It reminds me of the story of the government official in, say, Zambia, who says "don't tell me about evidence from Rwanda - I only want to know what will work here". And in many senses this official is correct and acting in the best interests of her constituents and the state budget.
I would still posit there is room for RCTs as one tool she should consider for situated policy learning - in some settings it may be the best choice, in others it may be entirely inapplicable, and perhaps for some questions the "OLS" would yield the closest approximation (and would also be the cheapest approach!). We truly need to systematically think about when, where, and how we recommend a full-blown prospective RCT evaluation versus other approaches. And this decision need include the necessary resources the study would command as well the  existing evidence base for the question asked.
Relatively small RCTs are particularly good for illuminating previously untested interventions/technologies assuming that SUTVA is not violated, etc. RCTs are particularly bad if we care about the performance of a whole system while intervening in a part of the system with something like information that can easily contaminate controls.
So I am quite sympathetic to your view, but perhaps don't lean all the way in your direction.
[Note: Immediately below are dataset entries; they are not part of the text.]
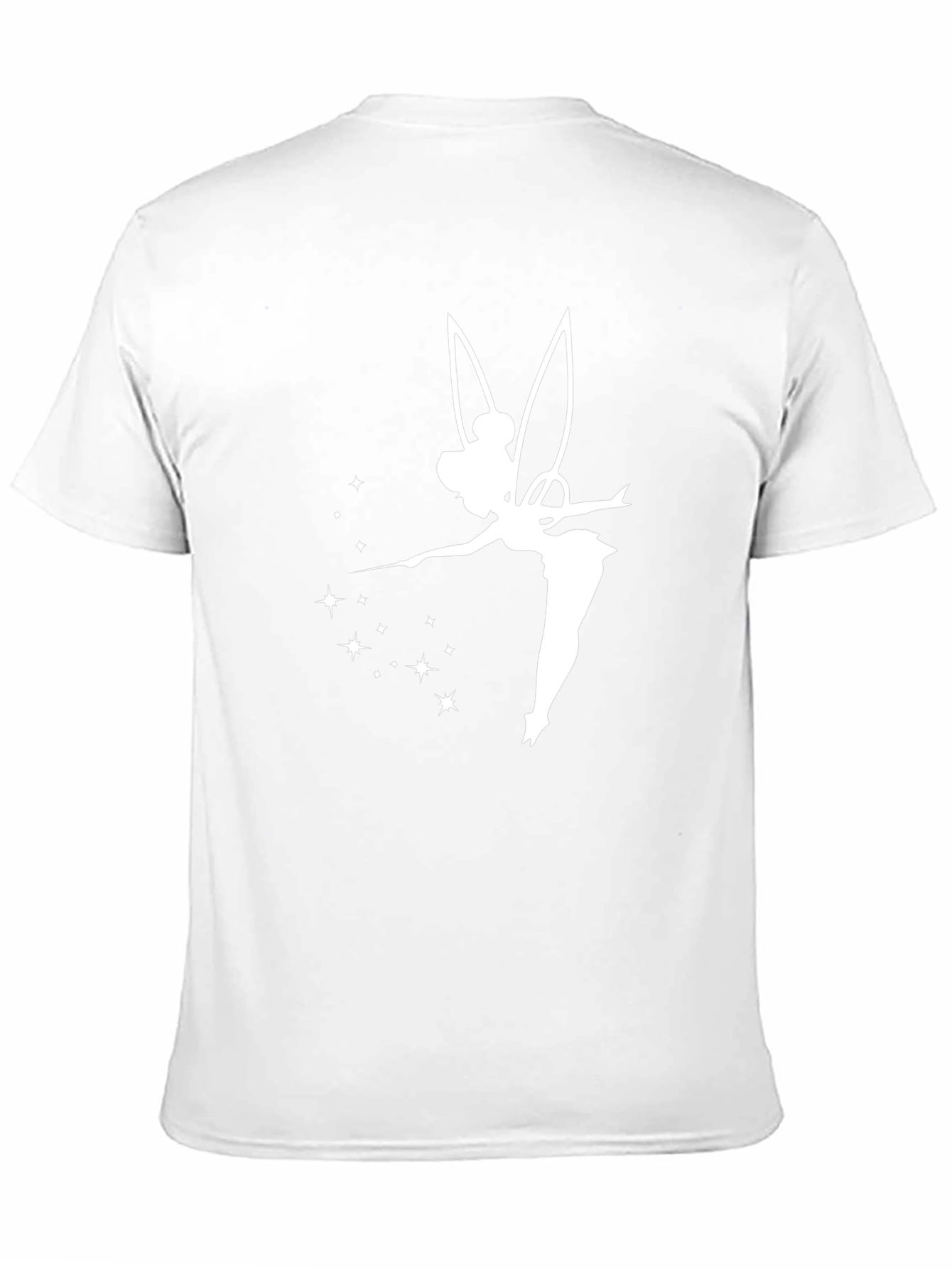 Tinkerbell Graphic T-Shirt - Black Cotton Tee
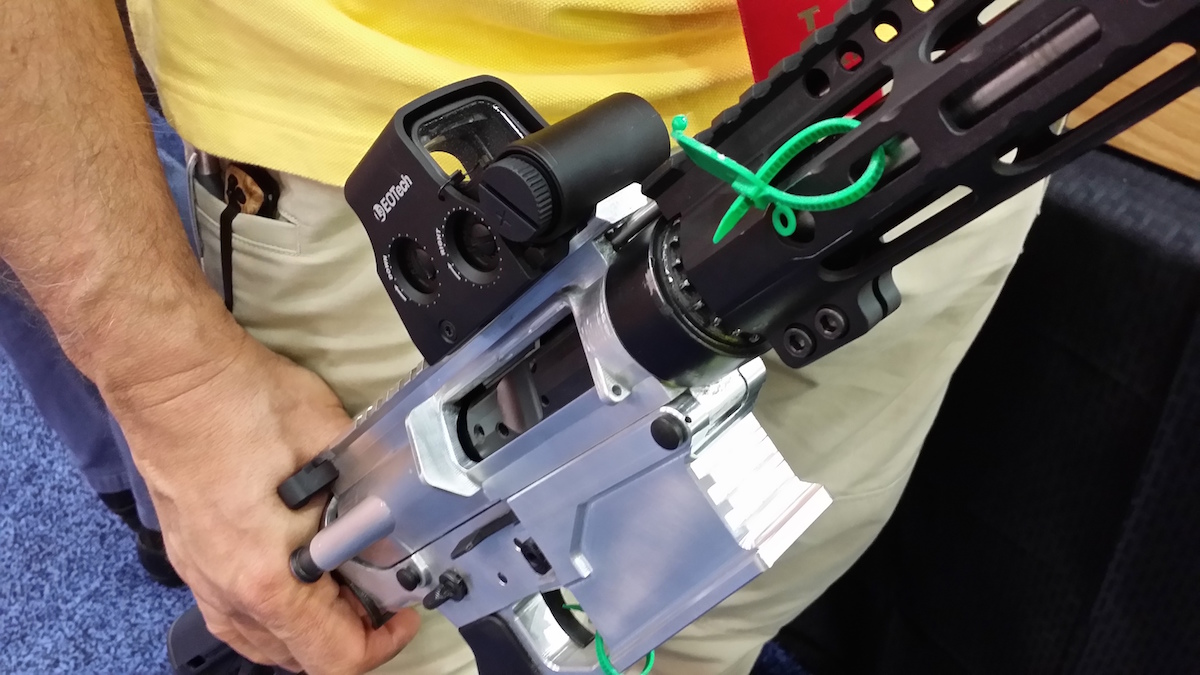 Wilkinson Tactical 'FrankenGun,' Adaptable .308 & 12 Gauge AR! NRA 2016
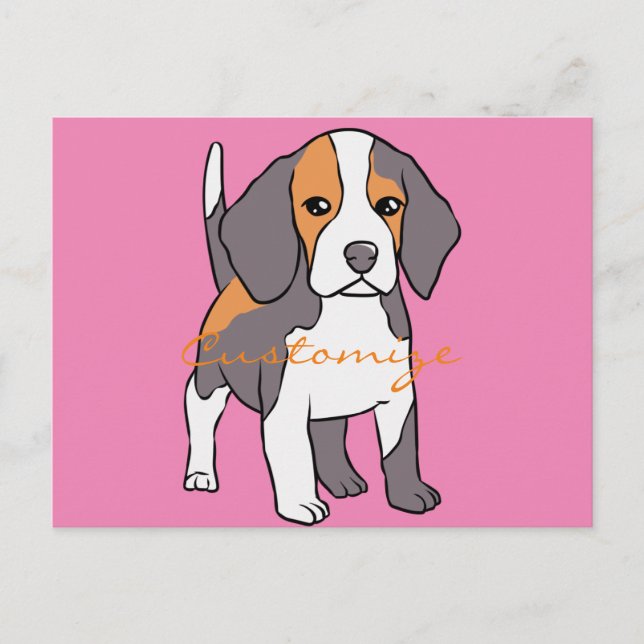 Cute Beagle Dog Breed Thunder_Cove Postcard (Front)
For me, RCTs belong in the toolkit. But if it's the only hammer we employ then we are doing development a great disservice.

Oscar Mitnik
February 23, 2014

Dear Jed and Lant,
Thanks Jed for your careful explanation of the results in our paper. First, we want to make clear that we sympathize very much with the comments from both Jed and Lant. We believe that in the paper we make two points that are useful regarding the topics discussed in your comments: 1) If one has control individuals from RCTs in different locations, and one is not able to at least have individuals with similar observable characteristics between control groups in different locations, then it is very likely that no comparison is feasible of the treatment effects of those RCTs. In our paper we check this through a common support condition (multi-site), which in our paper drops a very large number of the individuals in Riverside. This alone shows that Riverside is probably quite different to the other sites, and it is not a good idea to use it in comparisons. 2) It is indeed important to consider possible site-specific differences across locations (e.g., local economic conditions) when information from an RCT in one location wants to be used to make inferences about the potential effect from the implementation of a given intervention in another location. Our attempt at controlling for local economic conditions is rather specific to the data we have. But, the whole point is that we are explicitly imposing a model, and as any model, it needs to be evaluated for reasonableness. Indeed, these types of adjustments would necessarily need to be specific to the particular context, which is in spirit close to Jed's point about “careful theorizing”. Also, we agree with Lant that, at this level, it is not clear a priori whether extrapolating from an RTC is necessarily better than employing “non-rigorous evidence” (e.g., OLS) to evaluate the effects of the intervention at the location of interest using only data from that specific location. (Of course, in general, it is better to have alternative estimators of a given effect and choose the appropriate one depending of the situation at hand.)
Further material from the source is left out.